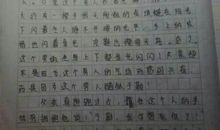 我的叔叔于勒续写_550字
--
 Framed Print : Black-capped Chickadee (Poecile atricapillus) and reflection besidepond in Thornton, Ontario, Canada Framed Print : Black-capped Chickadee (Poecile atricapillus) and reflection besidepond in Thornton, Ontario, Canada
==
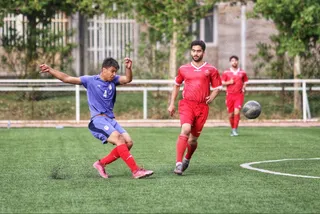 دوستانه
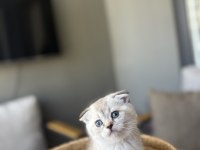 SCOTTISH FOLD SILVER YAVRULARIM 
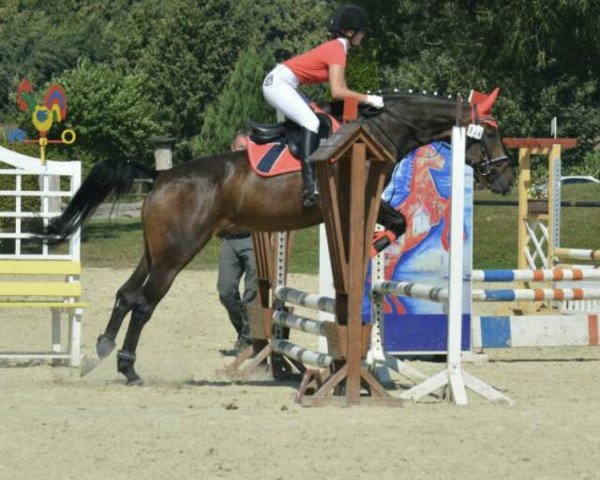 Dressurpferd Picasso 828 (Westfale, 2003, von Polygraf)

| Aim of the task |
Set the pictures aside and reproduce exactly the lines above, from the line holding "SCOTTISH FOLD SILVER YAVRULARIM" through the line holding "Dressurpferd Picasso 828", both included, with nothing else.

| Result of the exercise |
 SCOTTISH FOLD SILVER YAVRULARIM 
 Dressurpferd Picasso 828 (Westfale, 2003, von Polygraf)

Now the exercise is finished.